Even if we ignore alignment failures, there are other AI risk arguments. In particular, since AI will be a powerful technology, it could be used by malicious actors; it could help ensure robust totalitarian regimes; it could increase the likelihood of great-power war, and it could lead to stronger competitive pressures that erode value. With all of these arguments, it's not clear why they are specific to AI in particular, as opposed to any important technology, and the arguments for risk have not been sketched out in detail.

The post ends with an exhortation to AI safety researchers to clarify which sources of risk motivate them, because it will influence what safety work is most important, it will help cause prioritization efforts that need to determine how much money to allocate to AI risk, and it can help avoid misunderstandings with people who are skeptical of AI risk.

Rohin's opinion: I'm glad to see more work of this form; it seems particularly important to gain more clarity on what risks we actually care about, because it strongly influences what work we should do. In the particular scenario of an alignment failure without a discontinuity, I'm not satisfied with the solution "we can fix the misalignment early on", because early on even if the misalignment is apparent to us, it likely will not be easy to fix, and the misaligned AI system could still be useful because it is "aligned enough", at least at this low level of capability.

Personally, the argument that motivates me most is "AI will be very impactful, and it's worth putting in effort into making sure that that impact is positive". I think the scenarios involving alignment failures without a discontinuity are a particularly important subcategory of this argument: while I do expect we will be able to handle this issue if it arises, this is mostly because of meta-level faith in humanity to deal with the problem. We don't currently have a good object-level story for why the issue won't happen, or why it will be fixed when it does happen, and it would be good to have such a story in order to be confident that AI will in fact be beneficial for humanity.

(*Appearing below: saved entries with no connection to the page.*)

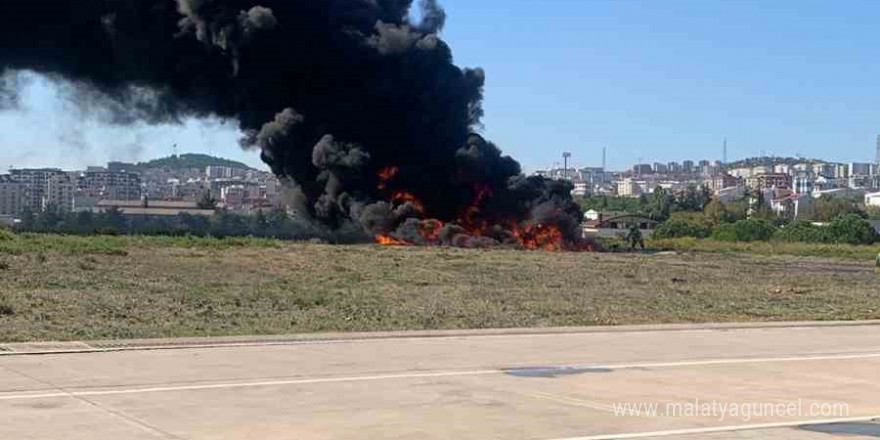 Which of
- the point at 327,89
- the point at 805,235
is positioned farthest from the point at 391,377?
the point at 805,235

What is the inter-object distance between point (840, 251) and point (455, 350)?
51.2 metres

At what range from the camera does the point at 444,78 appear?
57688mm

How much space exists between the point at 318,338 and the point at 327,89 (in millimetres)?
40467

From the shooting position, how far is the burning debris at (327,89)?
55750mm

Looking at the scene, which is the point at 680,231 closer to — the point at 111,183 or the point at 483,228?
the point at 483,228

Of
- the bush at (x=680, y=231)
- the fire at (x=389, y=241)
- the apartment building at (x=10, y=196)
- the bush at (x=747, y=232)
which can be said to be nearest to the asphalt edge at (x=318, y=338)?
the fire at (x=389, y=241)

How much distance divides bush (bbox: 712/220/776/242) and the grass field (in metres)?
30.5

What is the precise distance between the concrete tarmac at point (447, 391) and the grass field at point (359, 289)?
3054mm

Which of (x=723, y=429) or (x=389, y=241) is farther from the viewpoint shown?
(x=389, y=241)

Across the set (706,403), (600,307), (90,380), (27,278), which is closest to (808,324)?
(600,307)

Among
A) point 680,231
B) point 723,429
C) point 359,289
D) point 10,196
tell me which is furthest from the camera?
point 10,196

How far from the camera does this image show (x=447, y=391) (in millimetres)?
13078

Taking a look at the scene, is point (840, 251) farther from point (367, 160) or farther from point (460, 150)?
point (367, 160)

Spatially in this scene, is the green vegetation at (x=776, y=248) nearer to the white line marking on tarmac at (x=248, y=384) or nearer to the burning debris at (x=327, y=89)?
the burning debris at (x=327, y=89)
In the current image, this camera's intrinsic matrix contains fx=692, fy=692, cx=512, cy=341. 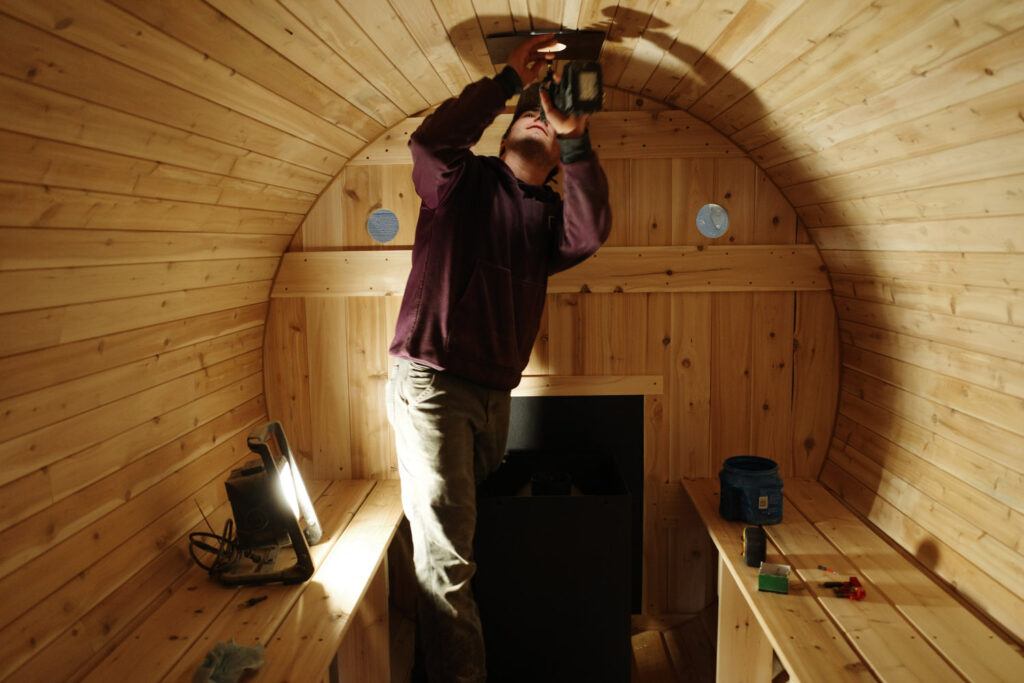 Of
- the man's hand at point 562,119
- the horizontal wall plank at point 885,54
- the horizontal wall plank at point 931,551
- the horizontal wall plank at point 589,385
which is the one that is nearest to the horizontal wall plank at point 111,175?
the man's hand at point 562,119

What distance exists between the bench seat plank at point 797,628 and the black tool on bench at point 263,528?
1.28 meters

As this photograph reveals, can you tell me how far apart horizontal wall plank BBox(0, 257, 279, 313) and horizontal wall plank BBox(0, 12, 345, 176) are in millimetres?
407

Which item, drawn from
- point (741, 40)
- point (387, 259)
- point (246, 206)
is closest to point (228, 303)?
point (246, 206)

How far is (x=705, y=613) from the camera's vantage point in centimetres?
295

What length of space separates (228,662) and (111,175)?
1136mm

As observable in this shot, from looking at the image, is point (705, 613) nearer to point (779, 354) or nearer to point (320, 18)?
point (779, 354)

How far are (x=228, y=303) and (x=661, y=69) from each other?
1.70 metres

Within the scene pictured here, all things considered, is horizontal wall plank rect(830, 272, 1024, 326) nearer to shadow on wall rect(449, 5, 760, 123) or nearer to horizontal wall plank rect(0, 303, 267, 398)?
shadow on wall rect(449, 5, 760, 123)

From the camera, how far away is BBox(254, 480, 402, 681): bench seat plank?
163 cm

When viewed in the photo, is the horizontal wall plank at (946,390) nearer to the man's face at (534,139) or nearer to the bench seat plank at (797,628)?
the bench seat plank at (797,628)

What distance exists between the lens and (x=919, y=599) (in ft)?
6.37

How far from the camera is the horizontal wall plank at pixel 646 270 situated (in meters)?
2.76

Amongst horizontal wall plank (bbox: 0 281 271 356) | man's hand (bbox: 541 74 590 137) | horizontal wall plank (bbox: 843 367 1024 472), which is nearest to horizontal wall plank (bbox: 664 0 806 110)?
man's hand (bbox: 541 74 590 137)

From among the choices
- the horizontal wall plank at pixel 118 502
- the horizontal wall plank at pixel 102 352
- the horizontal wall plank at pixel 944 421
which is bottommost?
the horizontal wall plank at pixel 118 502
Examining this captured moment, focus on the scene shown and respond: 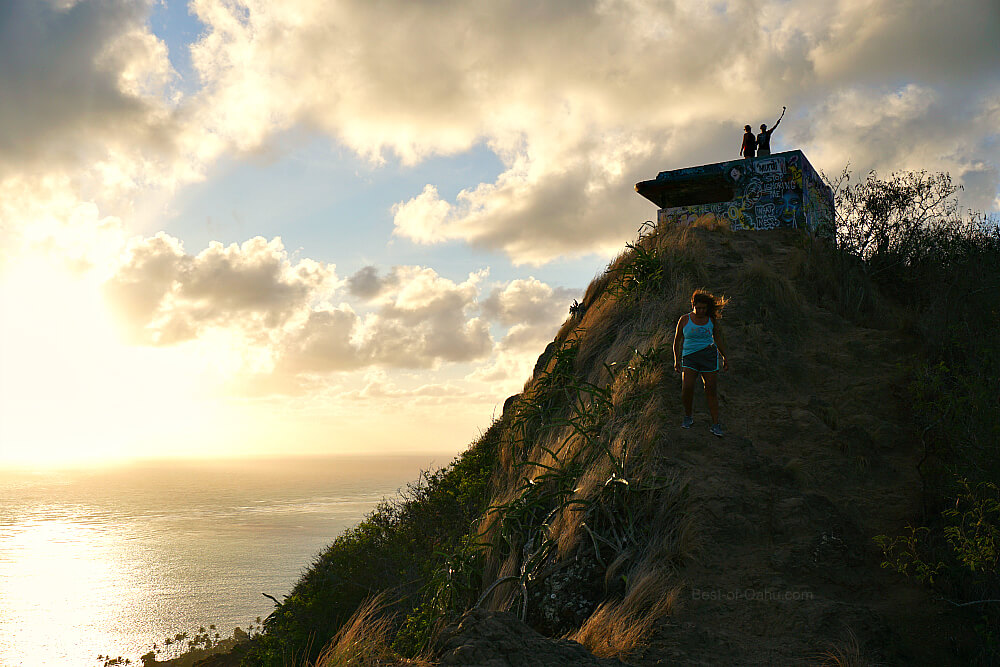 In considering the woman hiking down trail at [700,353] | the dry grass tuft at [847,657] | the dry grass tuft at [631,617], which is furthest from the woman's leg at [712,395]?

I know less about the non-alignment risks, and my work doesn't really address any of them. They seem worth more investigation; currently my feeling towards them is "yeah, those could be risks, but I have no idea how likely the risks are".

Technical AI alignment

Learning human intent

Learning biases and rewards simultaneously (Rohin Shah et al): Typically, inverse reinforcement learning assumes that the demonstrator is optimal, or that any mistakes they make are caused by random noise. Without a model of how the demonstrator makes mistakes, we should expect that IRL would not be able to outperform the demonstrator (AN #31). So, a natural question arises: can we learn the systematic mistakes that the demonstrator makes from data? While there is an impossibility result (AN #31) here, we might hope that it is only a problem in theory, not in practice.

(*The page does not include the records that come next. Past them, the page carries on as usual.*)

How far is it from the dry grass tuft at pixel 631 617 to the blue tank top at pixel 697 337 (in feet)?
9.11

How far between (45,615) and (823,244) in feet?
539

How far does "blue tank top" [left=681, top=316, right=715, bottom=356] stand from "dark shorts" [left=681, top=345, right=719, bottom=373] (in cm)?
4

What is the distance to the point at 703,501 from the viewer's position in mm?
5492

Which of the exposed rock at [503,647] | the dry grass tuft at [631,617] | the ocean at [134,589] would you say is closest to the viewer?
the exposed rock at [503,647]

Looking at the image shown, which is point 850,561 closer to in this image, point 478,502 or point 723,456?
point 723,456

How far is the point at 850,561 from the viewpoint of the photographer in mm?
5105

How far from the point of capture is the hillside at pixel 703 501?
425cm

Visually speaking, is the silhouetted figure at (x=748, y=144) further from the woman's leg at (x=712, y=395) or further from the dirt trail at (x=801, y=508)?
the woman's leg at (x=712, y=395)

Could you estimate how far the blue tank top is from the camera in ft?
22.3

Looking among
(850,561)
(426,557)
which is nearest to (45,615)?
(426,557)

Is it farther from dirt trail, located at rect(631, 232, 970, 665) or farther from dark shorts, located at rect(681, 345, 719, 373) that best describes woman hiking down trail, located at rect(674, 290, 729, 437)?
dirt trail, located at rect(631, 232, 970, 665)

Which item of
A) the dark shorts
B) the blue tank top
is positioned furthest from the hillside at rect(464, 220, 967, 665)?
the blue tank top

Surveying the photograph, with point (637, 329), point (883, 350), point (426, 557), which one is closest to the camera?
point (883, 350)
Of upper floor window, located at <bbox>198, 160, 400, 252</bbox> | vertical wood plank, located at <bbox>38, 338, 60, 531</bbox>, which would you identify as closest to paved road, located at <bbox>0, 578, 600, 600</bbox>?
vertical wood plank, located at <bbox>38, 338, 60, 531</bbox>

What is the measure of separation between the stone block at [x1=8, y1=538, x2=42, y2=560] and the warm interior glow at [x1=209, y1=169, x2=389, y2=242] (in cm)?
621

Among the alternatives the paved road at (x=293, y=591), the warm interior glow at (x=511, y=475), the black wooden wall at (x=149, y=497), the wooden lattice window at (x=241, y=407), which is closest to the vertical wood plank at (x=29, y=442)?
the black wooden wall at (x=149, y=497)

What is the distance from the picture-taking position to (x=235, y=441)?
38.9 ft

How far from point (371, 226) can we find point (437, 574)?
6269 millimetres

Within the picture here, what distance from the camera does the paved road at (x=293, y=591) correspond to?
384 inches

In this paper, my coauthors and I propose that we learn the cognitive biases of the demonstrator, by learning their planning algorithm. The hope is that the cognitive biases are encoded in the learned planning algorithm. We can then perform bias-aware IRL by finding the reward function that when passed into the planning algorithm results in the observed policy. We have two algorithms which do this, one which assumes that we know the ground-truth rewards for some tasks, and one which tries to keep the learned planner “close to” the optimal planner. In a simple environment with simulated human biases, the algorithms perform better than the standard IRL assumptions of perfect optimality or Boltzmann rationality -- but they lose a lot of performance by using an imperfect differentiable planner to learn the planning algorithm.

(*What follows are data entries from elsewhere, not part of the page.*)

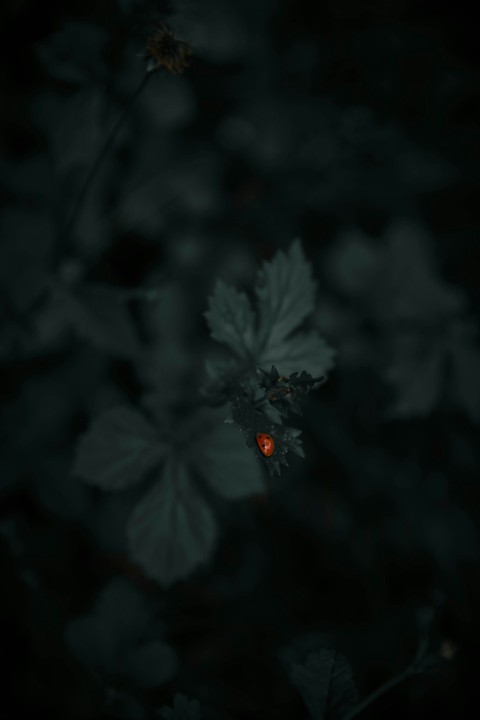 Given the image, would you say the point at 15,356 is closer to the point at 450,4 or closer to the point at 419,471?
the point at 419,471

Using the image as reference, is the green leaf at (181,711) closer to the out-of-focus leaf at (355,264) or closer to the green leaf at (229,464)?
the green leaf at (229,464)

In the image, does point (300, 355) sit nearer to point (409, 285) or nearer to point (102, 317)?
point (102, 317)

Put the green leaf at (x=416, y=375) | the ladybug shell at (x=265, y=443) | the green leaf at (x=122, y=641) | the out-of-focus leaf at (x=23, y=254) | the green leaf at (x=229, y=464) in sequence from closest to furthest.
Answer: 1. the ladybug shell at (x=265, y=443)
2. the green leaf at (x=229, y=464)
3. the green leaf at (x=122, y=641)
4. the out-of-focus leaf at (x=23, y=254)
5. the green leaf at (x=416, y=375)

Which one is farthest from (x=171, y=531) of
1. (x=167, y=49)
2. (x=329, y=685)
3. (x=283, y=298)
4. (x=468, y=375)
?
(x=468, y=375)

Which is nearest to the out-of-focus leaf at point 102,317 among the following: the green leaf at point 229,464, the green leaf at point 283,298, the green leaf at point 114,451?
the green leaf at point 114,451

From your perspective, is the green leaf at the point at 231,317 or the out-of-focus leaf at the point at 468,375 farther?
the out-of-focus leaf at the point at 468,375

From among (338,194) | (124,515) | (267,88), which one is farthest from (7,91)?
(124,515)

Rohin's opinion: Although this only got published recently, it’s work I did over a year ago. I’m no longer very optimistic about ambitious value learning (AN #31), and so I’m less excited about its impact on AI alignment now. In particular, it seems unlikely to me that we will need to infer all human values perfectly, without any edge cases or uncertainties, which we then optimize as far as possible. I would instead want to build AI systems that start with an adequate understanding of human preferences, and then learn more over time, in conjunction with optimizing for the preferences they know about. However, this paper is more along the former line of work, at least for long-term AI alignment.

I do think that this is a contribution to the field of inverse reinforcement learning -- it shows that by using an appropriate inductive bias, you can become more robust to (cognitive) biases in your dataset. It’s not clear how far this will generalize, since it was tested on simulated biases on simple environments, but I’d expect it to have at least a small effect. In practice though, I expect that you’d get better results by providing more information, as in T-REX (AN #54).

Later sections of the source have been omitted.